In short, the “expert member” is a “subject matter expert” on environmental issues. A subject-matter-expert is actually sitting to decide on a matter goes against the very foundational principle on which the concept of natural justice is built.
The NGT Act also specifies, as per Section 4(4)(c), that in any sub-group formed to hear an application or an appeal, the number of expert members in a bench will always be equal to the number of judicial members in the bench. “Provided that the number of expert members shall, in hearing an application or appeal, be equal to the number of judicial members hearing such application or appeal”
This means that if the subject matter experts concur, a decision can never be given against what they believe in. That apart, it will then take only one judicial member to concur with them for the overall decision to be based on their line of judgment. This is because the NGT Act says the following in the context of decision making:
“21. Decision to be taken by the majority.” The decision of the majority of members in the tribunal shall be binding:
Clearly, “subject matter bias” can clearly prevail over judgments in NGT and it goes orthogonal to the Principles of Natural Justice, based on which it is supposed to deliver justice!
Let us now come to another thumb-rule that governs Principles of Natural Justice:
The Evidence Rule
Any decision which is supposed to be based on natural justice should provide for submission of logical evidence and point-to-point rebuttal of opposing evidence. The defendant and the applicant(s) have the right to present their case and evidence.

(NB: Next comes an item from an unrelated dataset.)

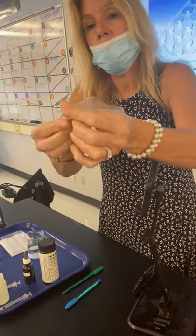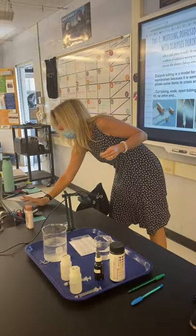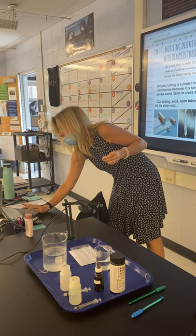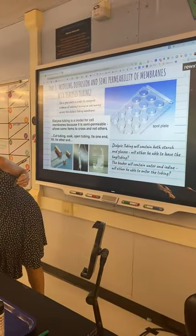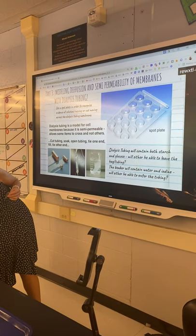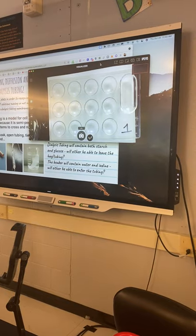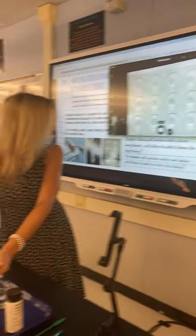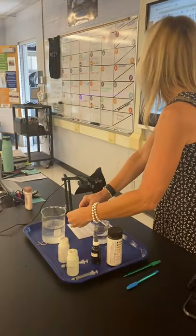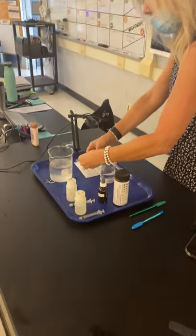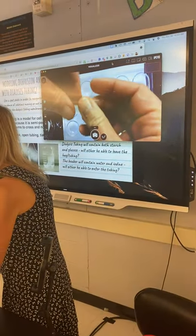The dialysis tubing will open up. I'm going to put this up on the board so you can see. Can you see the dialysis tubing? I'm running it between my fingers and it's open on either end.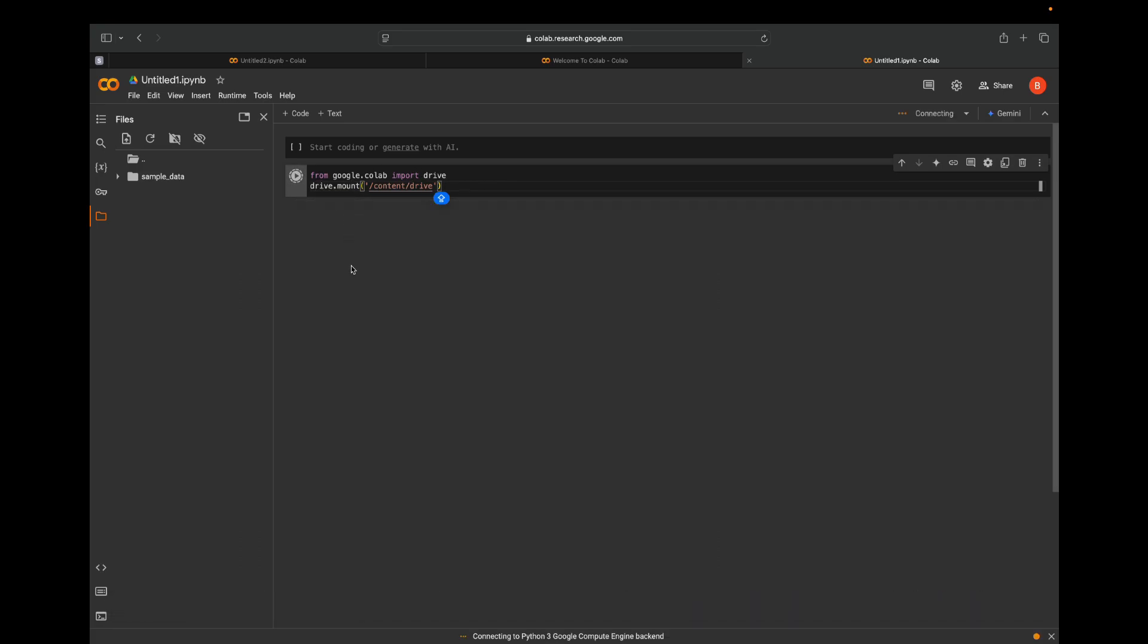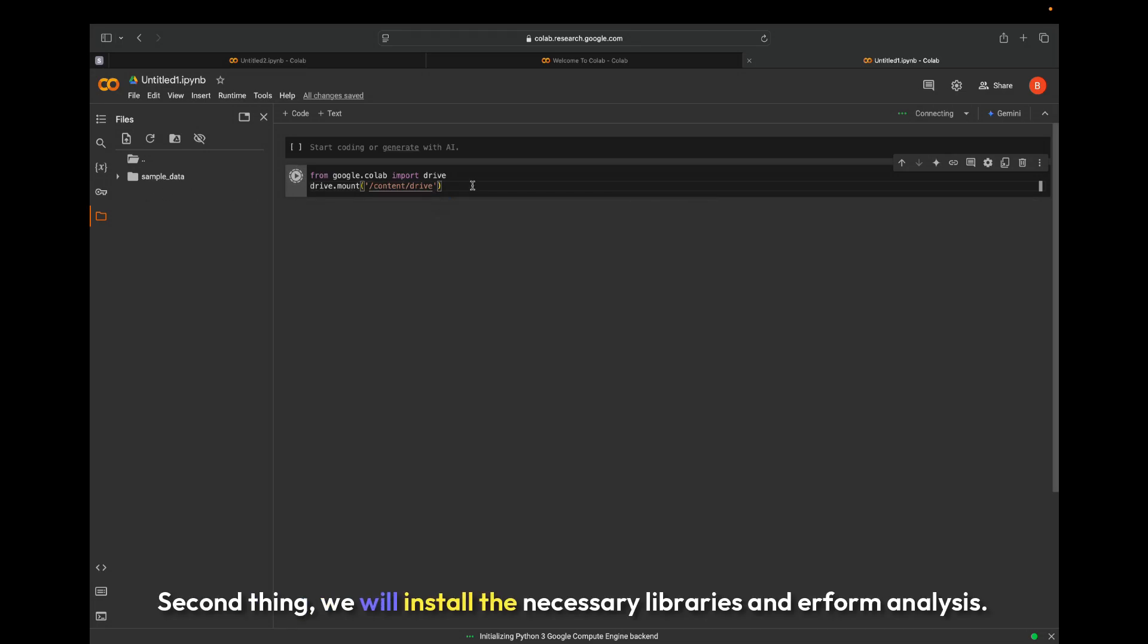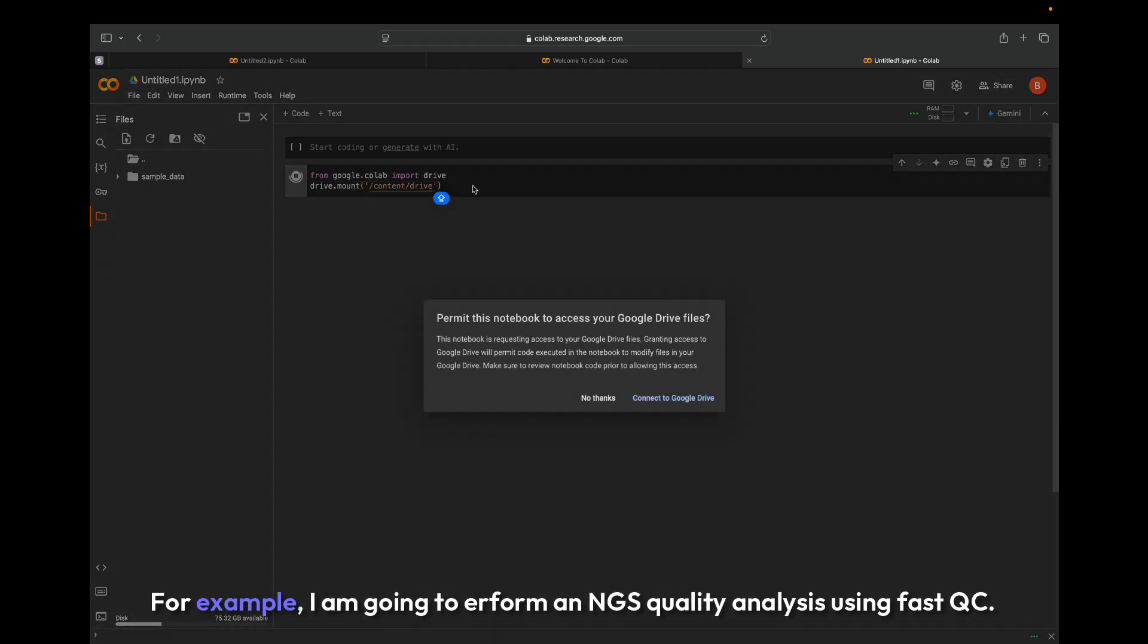Second thing, we will install the necessary libraries and perform analysis. For example, I am going to perform an NGS quality analysis using FastQC.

The presence of the mature Indian Evidence Act notwithstanding, the NGT Act does away with its applicability leaving the whole evidence procedure in the hands of the committee members. In other words, the entire evidence process is left to the discretion of the tribunal members.
This again is a violation of one of the fundamental Principles of Natural Justice!
Such decrees benefit the wicked and injure the just, since the just respect them, while the others do not do so. There must be covenants and positive laws to tie rights with duties and to direct justice to its object.